RECORDS SHOWN Block Start

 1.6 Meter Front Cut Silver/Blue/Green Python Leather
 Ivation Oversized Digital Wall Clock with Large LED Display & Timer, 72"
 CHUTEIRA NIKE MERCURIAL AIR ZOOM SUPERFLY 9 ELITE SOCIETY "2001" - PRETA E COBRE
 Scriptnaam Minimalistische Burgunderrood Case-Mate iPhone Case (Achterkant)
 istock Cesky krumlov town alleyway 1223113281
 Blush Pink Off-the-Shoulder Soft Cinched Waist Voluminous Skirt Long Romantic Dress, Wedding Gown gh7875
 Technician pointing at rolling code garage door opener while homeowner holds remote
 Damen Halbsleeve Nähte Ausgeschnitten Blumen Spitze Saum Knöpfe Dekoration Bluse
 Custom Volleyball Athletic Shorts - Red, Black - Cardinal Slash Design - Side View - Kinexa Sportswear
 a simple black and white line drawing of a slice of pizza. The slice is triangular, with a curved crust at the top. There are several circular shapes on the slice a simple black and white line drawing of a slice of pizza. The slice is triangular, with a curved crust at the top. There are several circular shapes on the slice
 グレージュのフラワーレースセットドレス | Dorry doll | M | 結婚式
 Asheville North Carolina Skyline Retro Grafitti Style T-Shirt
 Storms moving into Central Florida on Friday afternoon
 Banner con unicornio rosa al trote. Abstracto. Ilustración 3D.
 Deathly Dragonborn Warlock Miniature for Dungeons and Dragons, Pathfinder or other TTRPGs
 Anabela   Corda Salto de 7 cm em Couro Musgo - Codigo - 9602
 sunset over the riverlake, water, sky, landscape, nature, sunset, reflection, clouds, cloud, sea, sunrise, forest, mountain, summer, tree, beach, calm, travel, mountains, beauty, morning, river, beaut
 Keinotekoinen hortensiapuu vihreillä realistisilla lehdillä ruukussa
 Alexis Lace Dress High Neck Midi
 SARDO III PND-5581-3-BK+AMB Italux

RECORDS SHOWN Block End

▶ [DESCRIPTION OF THE TASK] Repeat nothing before the line containing "グレージュのフラワーレースセットドレス | Dorry doll | M | 結婚式"; repeat that line and every later line of the listing exactly.

▶ [ANSWER SPACE]
 グレージュのフラワーレースセットドレス | Dorry doll | M | 結婚式
 Asheville North Carolina Skyline Retro Grafitti Style T-Shirt
 Storms moving into Central Florida on Friday afternoon
 Banner con unicornio rosa al trote. Abstracto. Ilustración 3D.
 Deathly Dragonborn Warlock Miniature for Dungeons and Dragons, Pathfinder or other TTRPGs
 Anabela   Corda Salto de 7 cm em Couro Musgo - Codigo - 9602
 sunset over the riverlake, water, sky, landscape, nature, sunset, reflection, clouds, cloud, sea, sunrise, forest, mountain, summer, tree, beach, calm, travel, mountains, beauty, morning, river, beaut
 Keinotekoinen hortensiapuu vihreillä realistisilla lehdillä ruukussa
 Alexis Lace Dress High Neck Midi
 SARDO III PND-5581-3-BK+AMB Italux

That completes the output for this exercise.